DNA's four key building blocks (A,C,T & G for short) are found in every cell of our bodies. The information within those building blocks plays a key role in the orchestration of life's processes in ways medical science is only just beginning to understand.
The most challenging data right now in terms of its size is genomic data, and that genomic data at its essence is just 4 letters but each person has 3 billion of these letters and when you spread that out it's a lot of data and it overwhelms us and so we need better ways to use that information to find more insights.
Collecting and analyzing all of this genetic data is known as biomedical informatics.
So you hear methods like machine learning and artificial intelligence. The new buzz word now is deep learning. These are all computer science techniques that can look at different types of data and find patterns and associations that make sense. So we're kind of reducing the complexity of the problem.
Making sense of all of this data requires massive amounts of computing power and creative ways of looking at it. Billions of data points are translated into visual tools like network association diagrams and heatmaps. From these tools, overlaps and patterns begin to emerge, which help direct researchers to key discoveries.
The data that is generated is so huge, it's difficult for any individual group to keep up-to-date. So here for example is an elliptical known as a gene, and these are the different functions or what they do in the body. So others using it, not just us from India, China, UK, everywhere.
Thanks to a number of advances in technology, pooling this data will help forge new paths of discovery related to the genetic causes of disease.
So it's really quite amazing the improvements in the communication industry have really propelled science forward. Collaboration, it's the name of the game. Throughout the world to really see the genomic variability and understand its impact on disease requires larger groups of patients, working with larger groups of researchers, getting larger data sets together.
One path to discovery these researchers are taking relies on the power of numbers.
Many of the diseases we see at children's hospitals are very rare so we don't have enough patients to really study them very effectively. If there are seven, or eight, or nine, or 10 thousand rare genetic disorders that only affect 50 or 100 children each year, how are we going to help those children? We need a new model.
Sequencing and analyzing the genomes of large populations requires unprecedented collaboration. So leaders from the nation's top children's hospitals formed a completely new kind of partnership.
It became very obvious that one institution would never have enough children in any one particular disease to really understand the genetics of a disease or genetic therapies for a disease. Therefore, a couple of years ago, Boston Children's Hospital, Children's Hospital of Philadelphia, and Cincinnati Childrens decided to try and pull their efforts together and create what we call the Genomic Research and Innovation Network.
GRIN's three participating hospitals are focused on sharing their genetic data sets to help accelerate new medical discoveries.

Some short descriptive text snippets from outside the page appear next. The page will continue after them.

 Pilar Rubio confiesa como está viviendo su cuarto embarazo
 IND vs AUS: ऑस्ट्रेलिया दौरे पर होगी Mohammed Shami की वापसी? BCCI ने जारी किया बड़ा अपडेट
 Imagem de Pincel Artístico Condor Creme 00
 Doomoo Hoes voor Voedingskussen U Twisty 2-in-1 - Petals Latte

GRIN represents this incredible effort to break down the barriers across three institutions who are working towards the same goals under the same mission. To improve the health of children at a much greater pace. And we've gotten researchers across these different places to start working with each other and their sharing data in ways we've never really seen before. It's really been terrific. We believe the GRIN network will help to set standards by which we'll be able to involve patients and their families in genomic research, be able to conduct large scale research, set the standards for how genomic research could be conducted across the country and eventually be scalable to many other children's hospitals around the country. Our vision can we share all the data that we have across thousands of rare disorders that we see.

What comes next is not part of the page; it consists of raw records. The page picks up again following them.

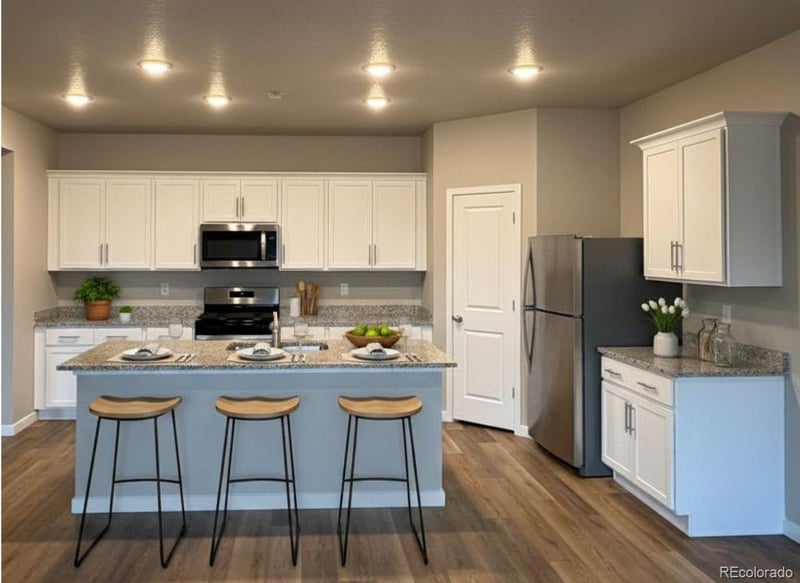 941 Sarah Ave, Fort Lupton, CO 80621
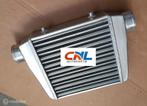 UNIVERSAL  intercooler 275mmx295mmx70mm Inlet/out 75mm, Nieuw, Ophalen of Verzenden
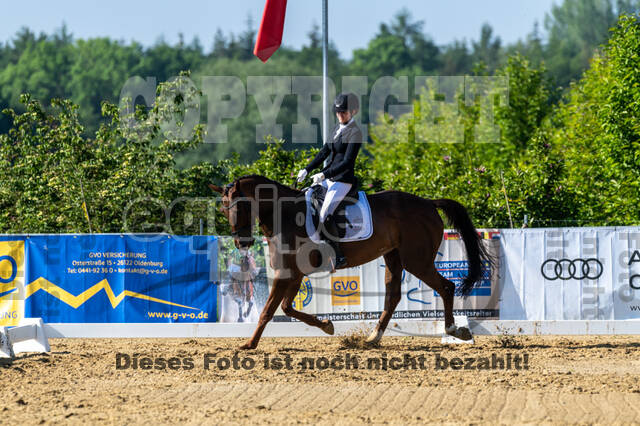Westerstede Horse Trials 2021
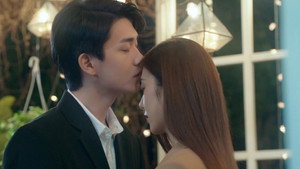 我的恋人有点迷 1. évad Ep.12 12. epizód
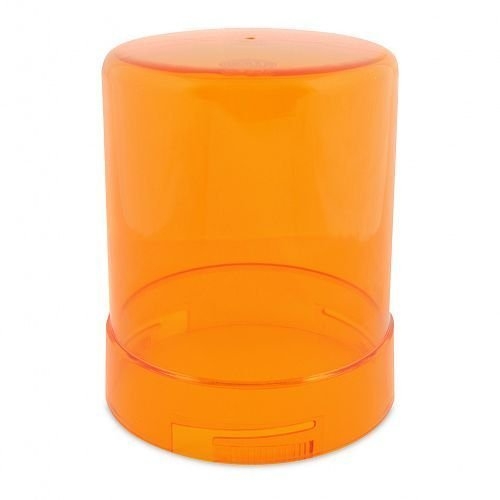 Hella Marine Amber Lens No Optic Suit KL700 Revolving Beacon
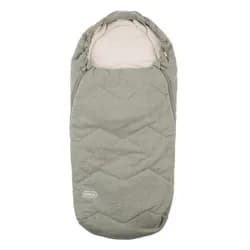 Voksi Breeze Light meadow green solid
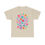 Thumbnail: Flower Sea Shell Graphic Tee – Unisex Cotton Shirt for Summer Beach Vibes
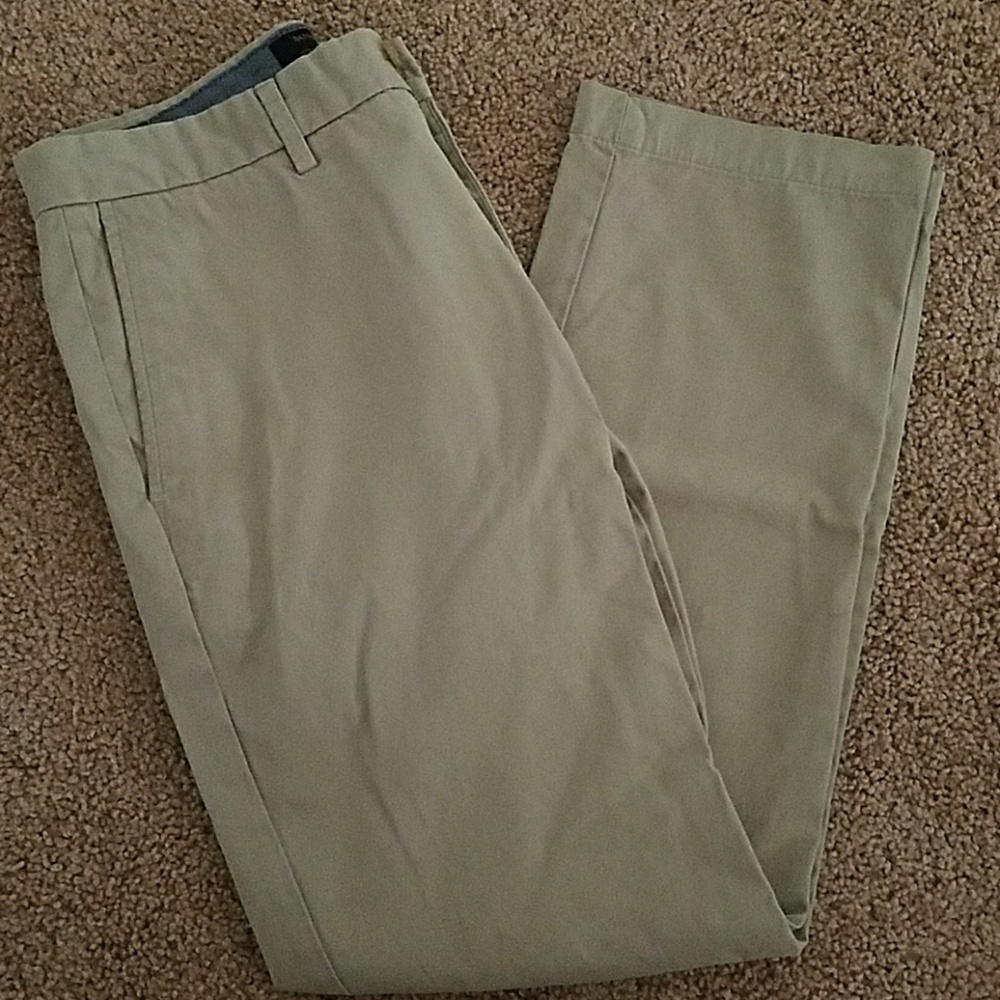 Banana Republic Straight fit Emerson 31x30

These partnerships will help drive new discoveries for genomic medicine. More importantly, GRIN will help move discoveries forward at an unprecedented rate.

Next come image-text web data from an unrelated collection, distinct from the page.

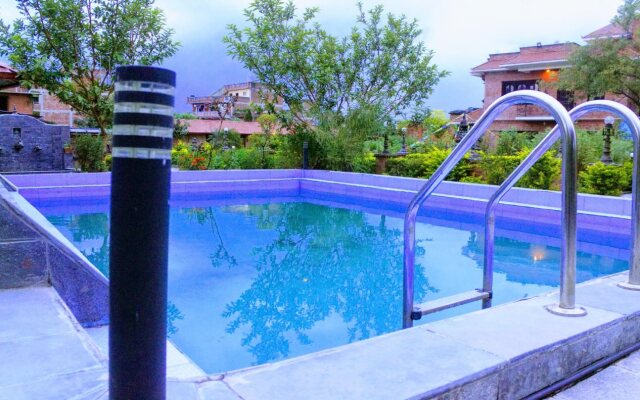 Hotel Yechu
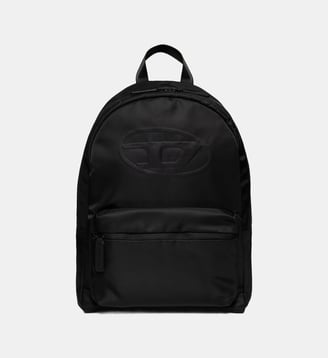 Sac à dos Oval D - Diesel Kids - Noir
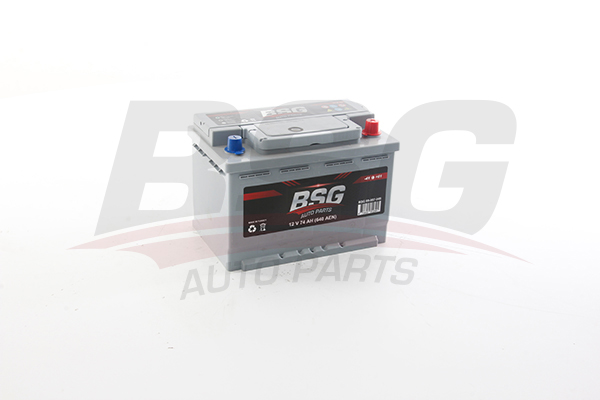 BSG Accu BSG 99-997-048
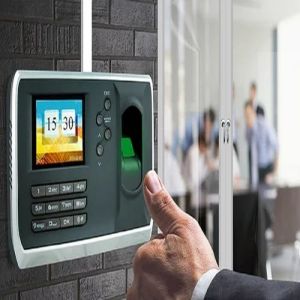 Time Attendance Systems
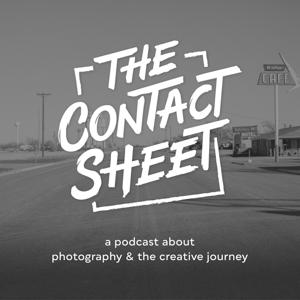 The Contact Sheet by Kyle McDougall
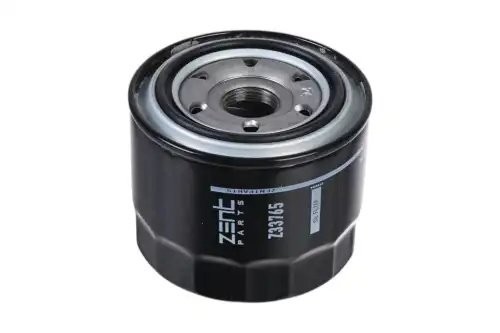 фильтр масляный!\ Toyota Corolla/Camry/Lite Ace/Carina 1.8D/2.0D 87-97 Z33765 ZENTPARTS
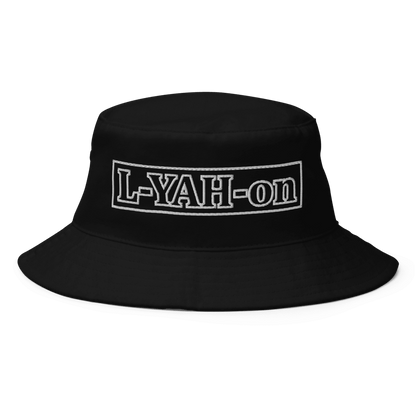 bucket hat - inspirational accessories - faith-based online store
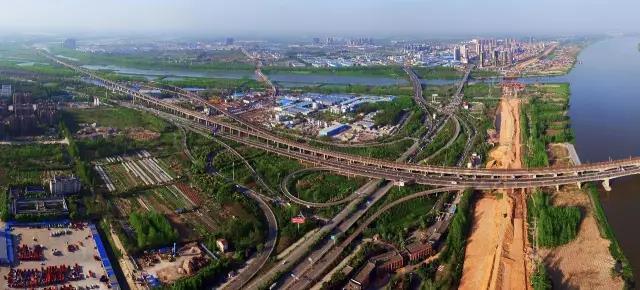 长江新城起步区二手房限售,控制人口非正常迁入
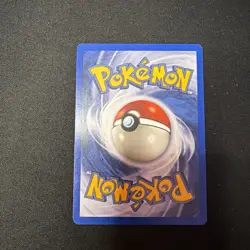Pokemon Neo Destiny Unown G 1995-2000 1st Edition 27/105 MINT - Image 2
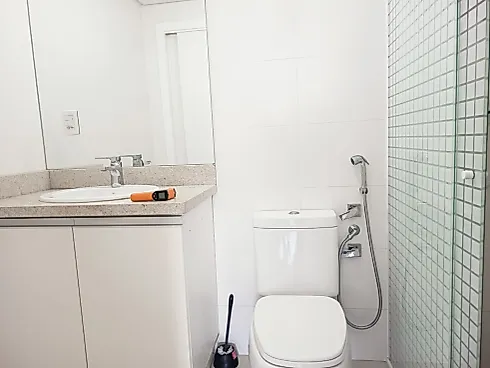 Apartamento 3 Quartos com 1 Suíte e 94m² - Campinas - Foto 19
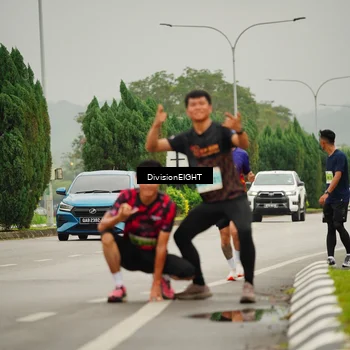 Runner Photo 8499733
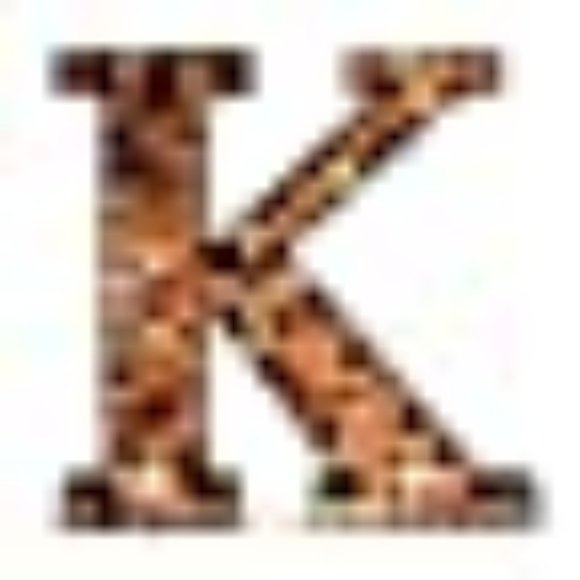 Wine Cork Holder- Metal Letter / Succulent Decoration - Picture 13 of 15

How can we take the health care system and use it to learn and accelerate discoveries, accelerate care improvements, make lives better for all of our patients. It always starts with the patient, it always should come back to the patient. Patients are really participants, their co-producing solutions with us. So these efficiencies, and these alignments, creates a resource unique in pediatrics.
This work will help doctors diagnose and treat conditions earlier in childhood and even use an individual's genes to more accurately prescribe medicine. Ultimately, we can improve the lives of children through the power of numbers found deep within Humanity's Code.
That's what we as pediatricians want to see. We want to see those incredible turn of events so that children are living longer and healthier lives, their our most important citizens.